**Exercise instructions**
The entries are to be printed again word for word, but no picture may appear.

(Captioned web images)
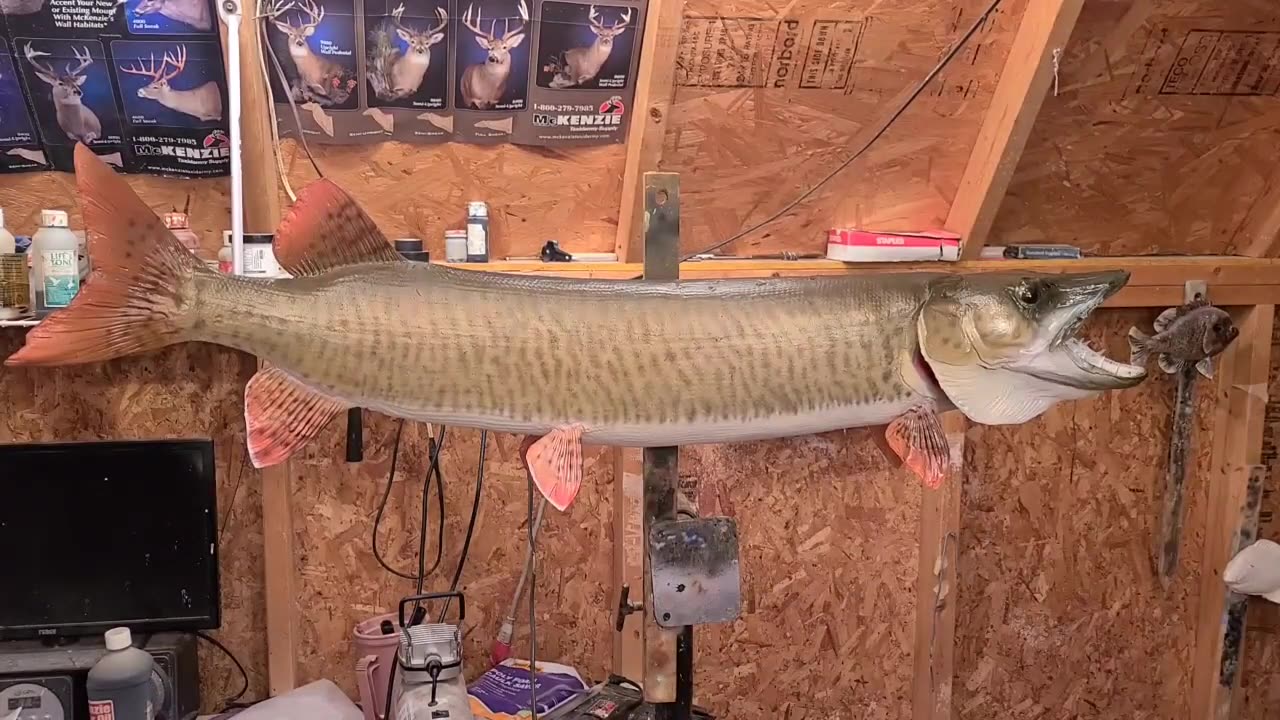 How to Paint a Muskie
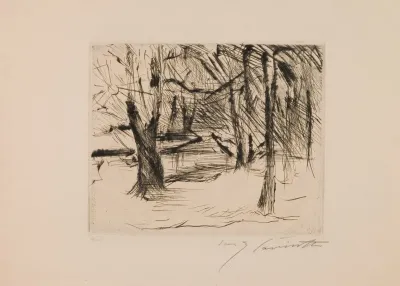 Trees In The Sun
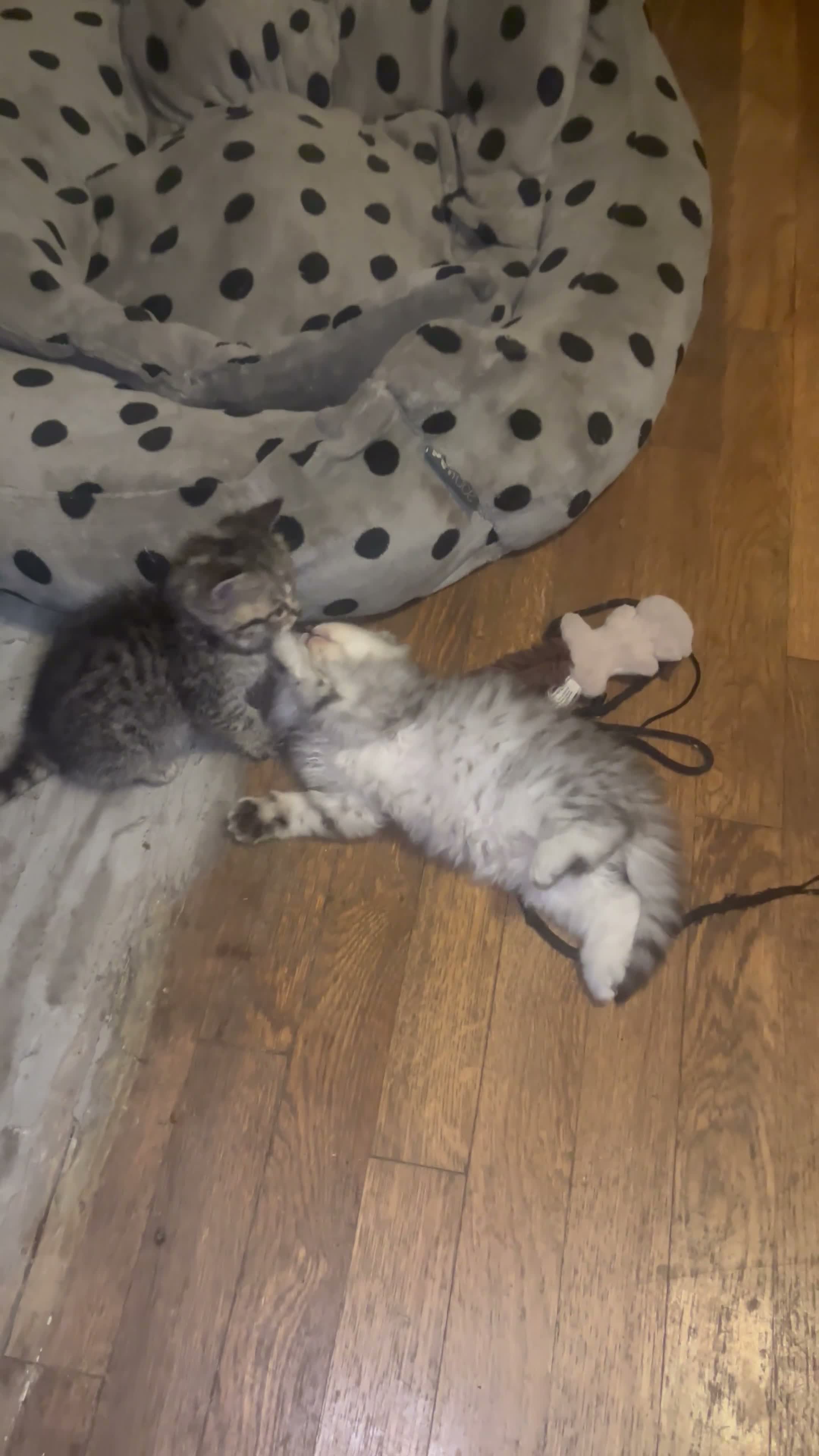 Persian cats for sale: Beautiful healthy Persian X Bengal kittens  - Video 1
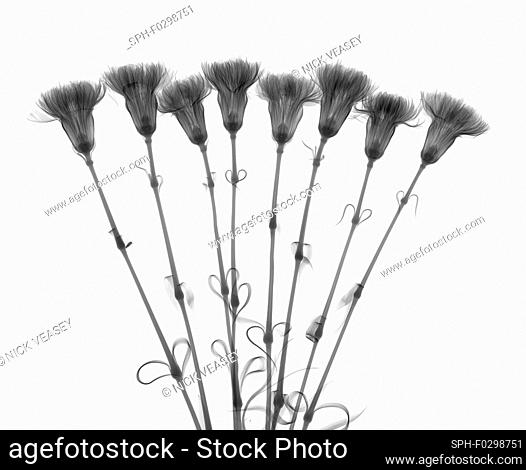 Carnation (Dianthus sp.), X-ray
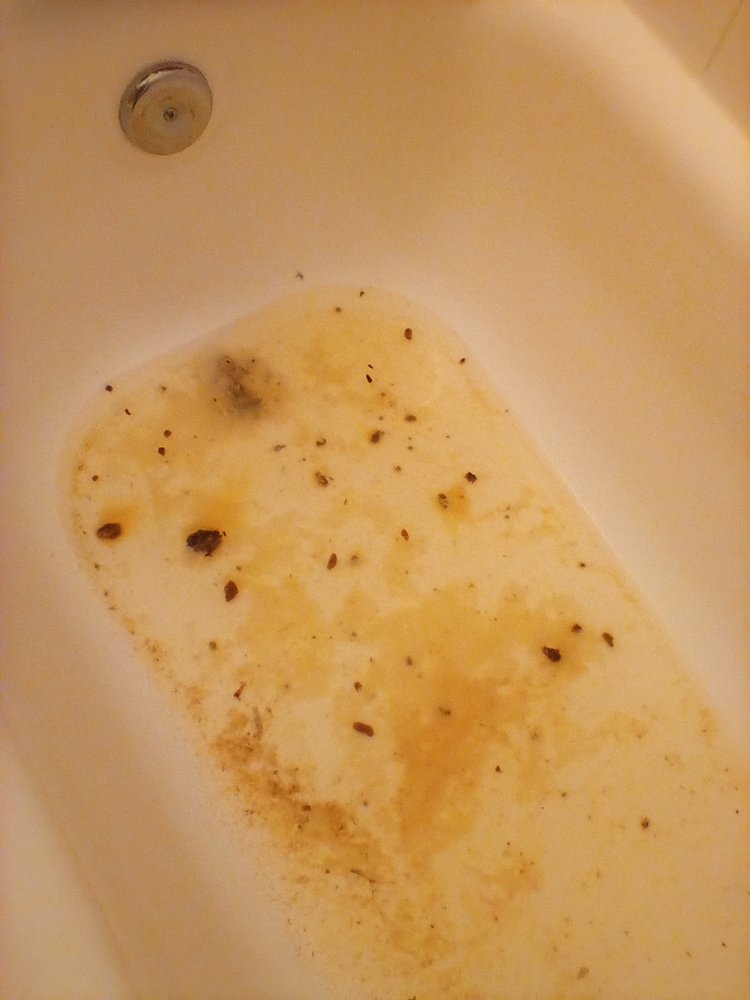 ALAMO GARDEN APARTMENTS Updated May 2024 35 Photos & 16 Reviews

**Response box**
 How to Paint a Muskie
 Trees In The Sun
 Persian cats for sale: Beautiful healthy Persian X Bengal kittens  - Video 1
 Carnation (Dianthus sp.), X-ray
 ALAMO GARDEN APARTMENTS Updated May 2024 35 Photos & 16 Reviews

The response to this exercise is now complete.